Self-hosted replacement for OpenAI's embedding API:

curl http://localhost:11435/api/embed \
  -d '{"model": "nomic-embed-text", "input": "self-hosted document embedding for private RAG pipelines"}'

Self-Hosted Cost Comparison

ServiceCloud costSelf-hosted cost
GPT-4o (1M tokens/month)~$15-30/month$0 (self-hosted hardware you own)
DALL-E (1000 images/month)~$40/month$0 (self-hosted image gen)
Whisper API (10 hours audio/month)~$6/month$0 (self-hosted transcription)
OpenAI embeddings (1M tokens/month)~$0.10/month$0 (self-hosted embeddings)
Total~$60+/month$0/month self-hosted

After hardware investment, every self-hosted request is free forever.
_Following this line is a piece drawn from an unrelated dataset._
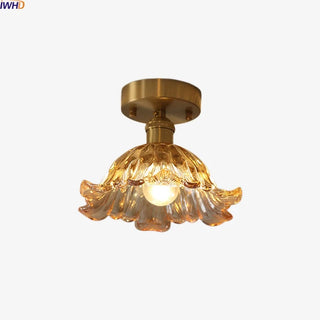 Celako™ Ambria Ceiling Light | Amber Glass Vintage American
No rate limits, no usage caps, no surprise bills.

Self-Hosted Advantages

  • Self-hosted data sovereignty — prompts, images, audio, and documents never leave your network
  • Self-hosted throughput — your hardware, no rate limits
  • Self-hosted uptime — cloud API outages don't affect your self-hosted fleet
  • Self-hosted flexibility — switch models instantly, no vendor lock-in
  • Self-hosted compliance — HIPAA, GDPR, SOC2 — no third-party data processors
  • Self-hosted predictability — hardware depreciates, but never surprises you with a bill

Self-Hosted Fleet Routing

The self-hosted router scores each device on 7 signals and picks the best one for every request. Multiple self-hosted machines share the load automatically.

# Self-hosted fleet overview
curl -s http://localhost:11435/fleet/status | python3 -m json.tool

# Self-hosted health checks
curl -s http://localhost:11435/dashboard/api/health | python3 -m json.tool

# Self-hosted model recommendations for your hardware
curl -s http://localhost:11435/dashboard/api/recommendations | python3 -m json.tool

Self-hosted dashboard at http://localhost:11435/dashboard for visual monitoring of your entire self-hosted fleet.
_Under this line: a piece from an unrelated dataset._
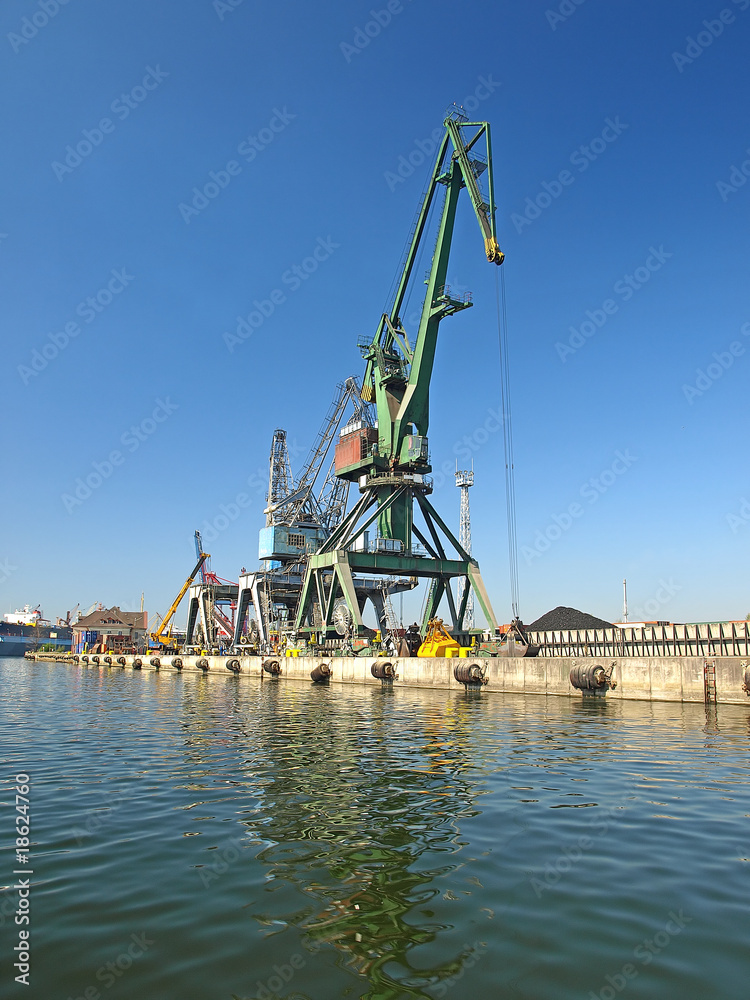 Cranes in harbour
Full self-hosted documentation

Contribute

Ollama Herd is open source (MIT). Self-hosted AI for everyone:

  • Star on GitHub — help others discover self-hosted AI
  • Open an issue — share your self-hosted setup
  • PRs welcome from humans and AI agents. CLAUDE.md gives full self-hosted context. 444 tests.

Self-Hosted Guardrails

  • No automatic downloads — all self-hosted model pulls require explicit user confirmation.
  • Self-hosted model deletion requires explicit user confirmation.
  • All self-hosted requests stay local — no data leaves your network. No telemetry, no analytics, no cloud callbacks.
  • Never delete or modify self-hosted files in ~/.fleet-manager/.
  • Your self-hosted fleet has zero cloud dependencies — works fully offline after initial model downloads.